GData

Previous Topic Next Topic
 
classic Classic list List threaded Threaded
16 messages Options
Reply | Threaded
Open this post in threaded view
|

GData

Doug Cutting
How hard would it be to build a GData server using Solr?  An
open-source, Lucene-based GData server would be a good thing to have.
Does this fit in Solr, or should it be a separate project?

http://code.google.com/apis/gdata/overview.html

Another summer of code project?

Doug
Reply | Threaded
Open this post in threaded view
|

Re: GData

Erik Hatcher
It would require some work to add this to Solr, but not a huge  
effort.  One of the most crucial missing pieces that I'm beginning to  
feel a strong need for is being able to update a single field in a  
Lucene index.  I notice the GData protocol supports this:

        <http://code.google.com/apis/gdata/protocol.html#Updating-an-entry>

So to turn it around to ask you a question, what would it take to  
allow a Lucene document to be "updatable" at the field granularity,  
such that no other fields need to be specified again?
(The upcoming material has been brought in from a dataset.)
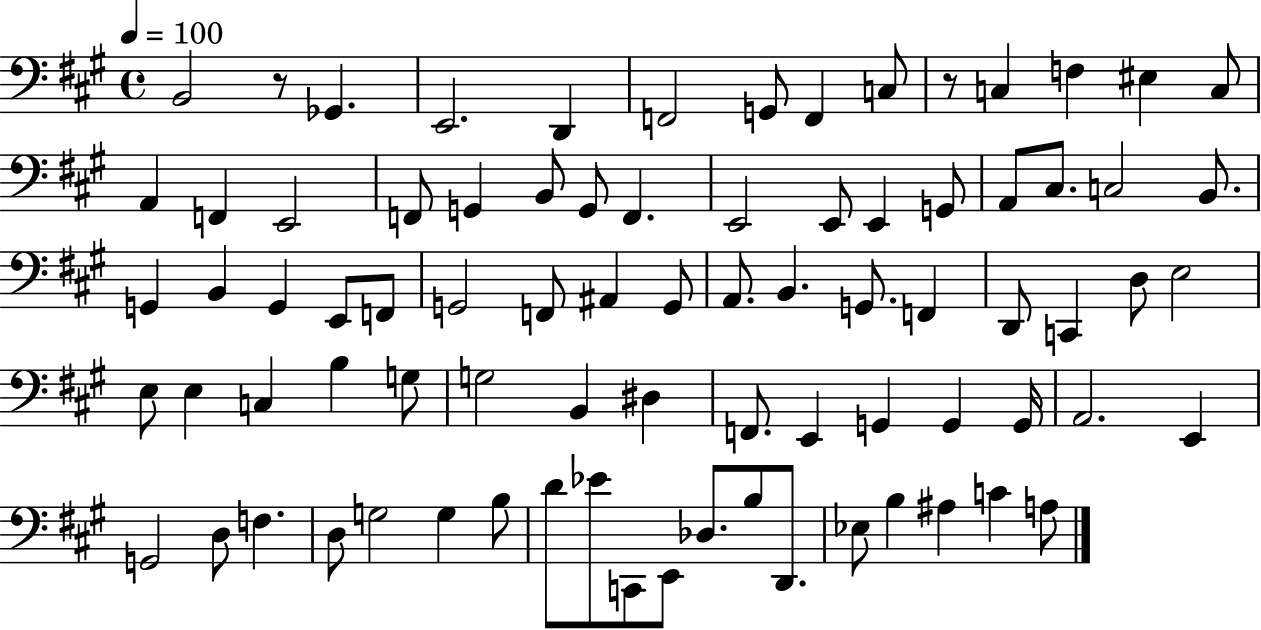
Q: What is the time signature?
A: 4/4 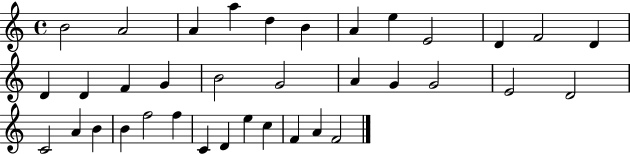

The idea of using HTTP 1.1 PUT/DELETE methods has been discussed for  
Solr before, and I think it'd be a great idea to support Atom and  
GData, and perhaps even "legacy" RSS.  Currently Solr's request and  
response handling are pretty intertwined with the rest of the system  
and some decoupling needs to take place to facilitate plug-ability in  
the external interfaces.  Nothing too awfully difficult I don't  
think, but not something that is currently possible out of the box.

        Erik



On Apr 20, 2006, at 11:59 AM, Doug Cutting wrote:

> How hard would it be to build a GData server using Solr?  An open-
> source, Lucene-based GData server would be a good thing to have.  
> Does this fit in Solr, or should it be a separate project?
>
> http://code.google.com/apis/gdata/overview.html
>
> Another summer of code project?
>
> Doug

Reply | Threaded
Open this post in threaded view
|

Re: GData

Yonik Seeley
On 4/20/06, Erik Hatcher <[hidden email]> wrote:
> So to turn it around to ask you a question, what would it take to
> allow a Lucene document to be "updatable" at the field granularity,
> such that no other fields need to be specified again?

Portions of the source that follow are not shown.